わたしより一つ年上だけど、平均より低めの身長。
お兄ちゃんの通う高校の下級生だというgさんは……
並ぶと姉妹と間違えられそうなほど、わたしによく似ていました。

眠り姫のように目を開かないgさんの枕元で、わたしは丸椅子に座って、
顔を眺めました。

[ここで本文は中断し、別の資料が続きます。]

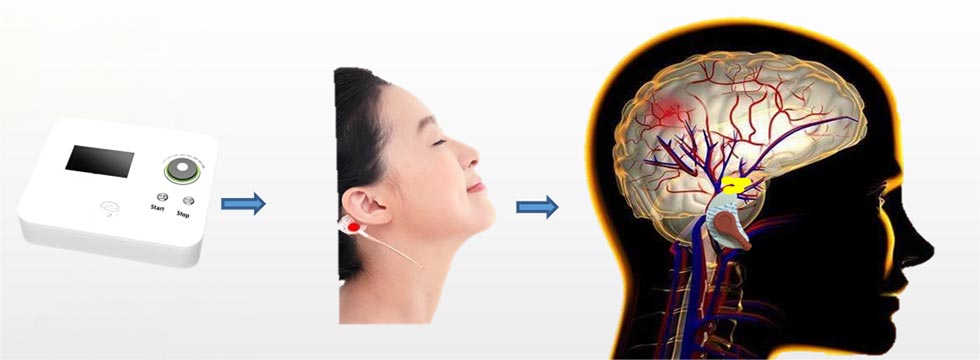 Electroencephalographic Bionic Stimulator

これが……お兄ちゃんがいっしょに死のうとした相手。

お兄ちゃんが自殺を図るなんて、その時まで想像もしていませんでした。
わたしは一瞬たりとも、自ら死のうなどと、考えたこともありませんでしたから。
でも……もしお兄ちゃんが死を望んだとしたら……。
どうしても、お兄ちゃんを翻意させられなかったとしたら。

わたしは、お兄ちゃんに付き従って、共に死を選んだかもしれません。

けれど。
けれど……!
お兄ちゃんが死への道連れとして選んだのは、わたしではありませんでした。

gさん。
わたしによく似た顔と背格好の。
きっと、お兄ちゃんがわたしに隠していた、恋人。
わたしの知らない理由で、いっしょに死のうとしたほど、お兄ちゃんが愛した人。

わたしの心は散り散りになっていて、
どうして自分がまだ体を動かすことができるのか、不思議でした。
自分がどんな受け答えをしたのか、覚えていません。
いつ、誰から、gさんのことを聞いたのかも。
お兄ちゃんから聞いたのか、それとも父親と母親の話を耳にしたのか。

gさんは、お兄ちゃんの通っていた高校の、1年生でした。
父親は誰だかわかりません。
母親は、gさんがまだ幼い頃に、姿をくらましたそうです。

gさんが育ったのは、伯父さんの家でした。
生まれつき体が弱くて、入退院を繰り返していました。
gさんは、厳しくしつけられました。
母親と同じような不始末をしでかさないために。
伯父さん夫婦とgさんの折り合いは、悪かったようです。

gさんは、高校に入学して、転校してきたお兄ちゃんと知り合いました。
孤独だったgさんは、お兄ちゃんの優しさに惹き付けられ、
お兄ちゃんは、gさんの孤独に惹き付けられたのだと思います。
けれど、お兄ちゃんとgさんの交際は、伯父さん夫婦から反対されていました。

心中未遂の原因は、付き合うことを禁じられたせいだ、と周りは見ました。
それが本当だったのかどうか、わたしにはわかりません。